"Every member of the mobile video value chain acknowledges that advertising will play a crucial role in developing the channel into a significant consumer service," says eMarketer Senior Analyst John du Pre Gauntt and the author of the new Mobile TV and Video: Big Dreams for the Smallest Screen report. "Unfortunately, nobody is quite sure exactly sure what that means."
Everyone agrees, however, that there is a demand for the service — and it’s growing.
eMarketer forecasts that the total number of mobile TV and video subscribers globally will rise from 40 million in 2006 to over 750 million in 2011.
At the same time, worldwide subscription revenues will go up from almost $6 million to nearly $200 million.
Marketers need to understand some of the basic differences between mobile video platforms in order to decide which one works best for their near- and long-term goals.
"The key difference revolves around the ideas of unicast and broadcast," says Mr. Gauntt. "These two terms not only point to technical differences, they have a lot to do with how the business models are constructed."
Today’s 3G networks are predominately unicast, meaning that if subscribers want to see something on their handsets, the content is delivered point-to-point between a content/ad server and the individual handset. Users browse a library of video clips and click to download for video play on the phone. If mobile users subscribe to a service like MobiTV, they will pull in a stream instead of a file. However, it is still a point-to-point communication model.
"The rub comes if suddenly 300,000 users want to see that winning football goal at the same time," says Mr. Gauntt. "Then the operator needs to manage 300,000 video clips/streams of the same content at the same time."
To date, 3G networks are good at handling video clips if only because the ratio of video users to overall capacity is still rather low. But it is clear that if mobile video/TV gets close to mass-market status then the inherent inefficiencies of serving up unicast video content will start to bite.
As well as between platforms, there are differences among users.

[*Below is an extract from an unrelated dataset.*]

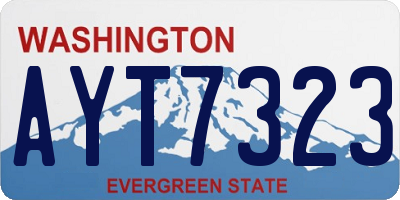 WA license plate AYT7323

"It’s a mistake for marketers to assume there is some universal attraction or repulsion among users to the idea of watching video or television on a mobile phone," says Mr. Gauntt.
A 2006 Nokia
survey revealed wide differences in preferences across populations to watching TV on the phone, such as the difference between the US (8% will watch TV on their phones) and Brazil (29%).
"Regardless of future intentions by consumers whether or not to watch mobile video content, it is clear that penetration will largely track that of 3G in general," says Mr. Gauntt. "There is no significant mobile TV service that runs on older technologies, so the general rate of 3G penetration has a direct bearing on the course of the mobile video/TV market."